Final legislative action on bill cracking down on illegal moving companies scheduled for Monday

Final legislative action on bill cracking down on illegal moving companies scheduled for Monday

Serena DiMaso

TRENTON, N.J. – Unlicensed moving and storage companies face increased penalties under legislation scheduled for an Assembly vote on Monday. Sponsored by Assemblywomen Serena DiMaso and Amy Handlin, the bill (S781/A4884/A3617) passed the Senate in June and with Assembly approval will move to Gov. Phil Murphy’s desk for consideration.

“Most movers are trustworthy and reliable, but there are unscrupulous businesses that avoid licensing and prey on customers,” said DiMaso (R-Monmouth). “Families entrust their movers with a lifetime of possessions, and once that truck is loaded, they are powerless until the cargo is delivered.”

The legislation doubles the maximum civil penalties for movers operating without a license to $5,000 for a first offense, and increases fees for subsequent violations to $20,000 from $5,000.

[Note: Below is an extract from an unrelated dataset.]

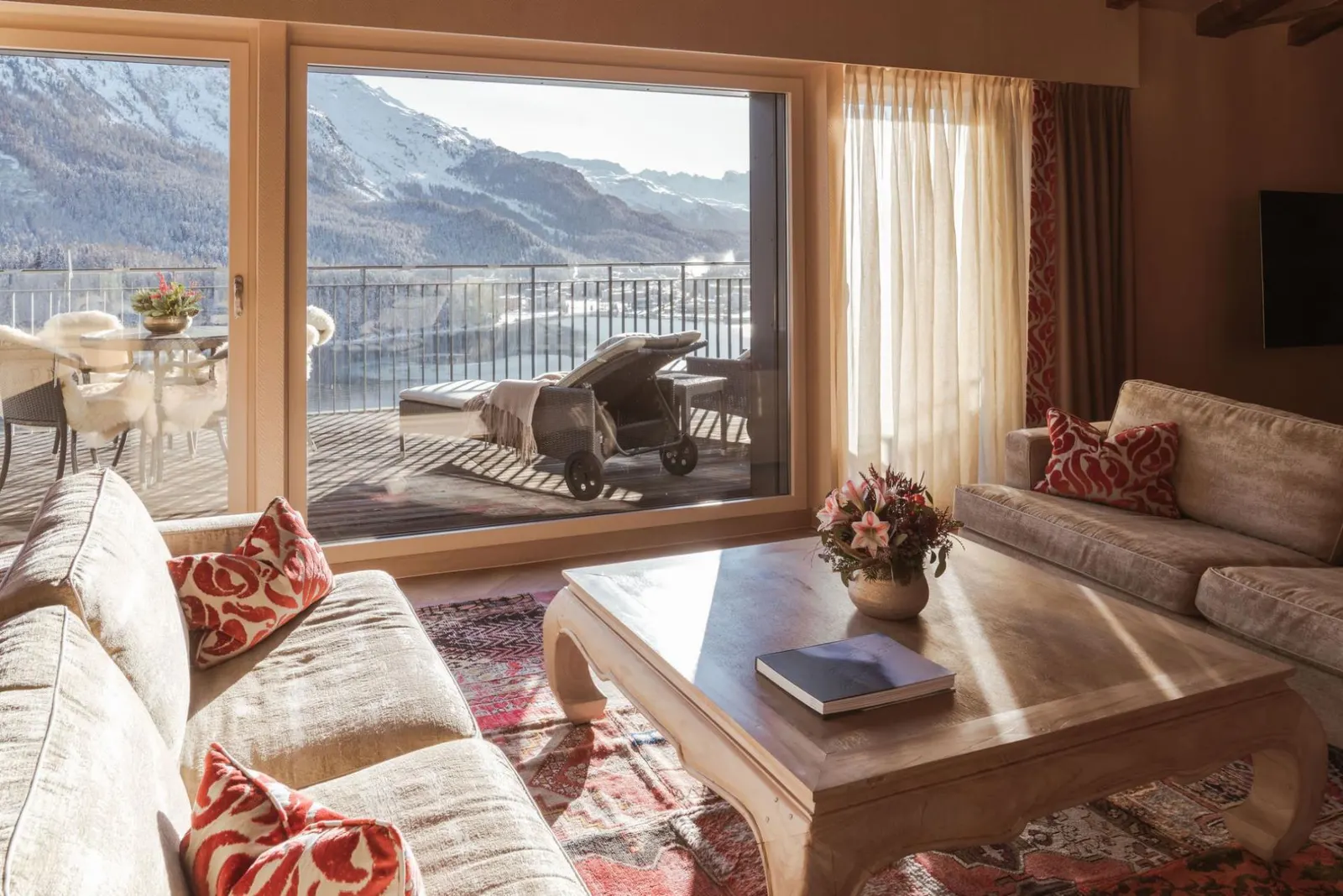 Apartament cu 3 dormitoare în Sankt Moritz, fotografia 4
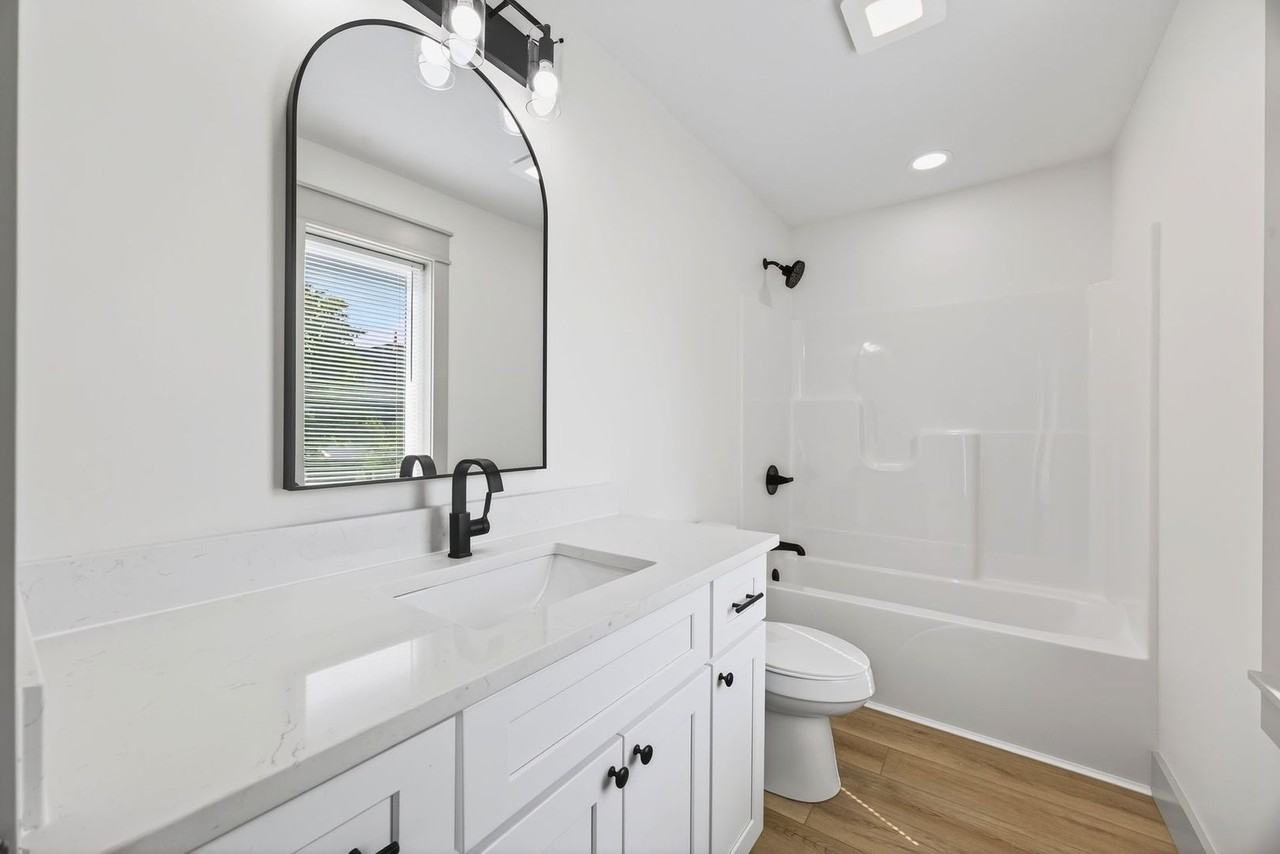 422 E Cottage Grove - Photo 5 of 20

A person running a moving business without a license can be charged with a disorderly persons offense, with a fine up to $1,000, six months in jail, a three-month driver’s license suspension, and impoundment of moving vehicles.

“Unlicensed movers and warehousing companies can be a nightmare for consumers, in some cases literally holding their clothes and furnishings hostage,” said Handlin (R-Monmouth). “That will end under this bill. We’re putting some teeth in the law and significantly increasing the penalties as a deterrent to predatory operators.”

In August, the state Division of Consumer Affairs fined 29 unlicensed moving companies. All the companies advertised online. DiMaso and Handlin’s bill requires unlicensed operators to remove their websites, or face a fine of $1,000 per day for non-compliance.

The bill also specifies if a moving or storage company is paid in full and an employee fails to release the property to the owner, the employee can be charged with a fourth degree crime which comes with a fine up to $10,000 and 18 months in jail.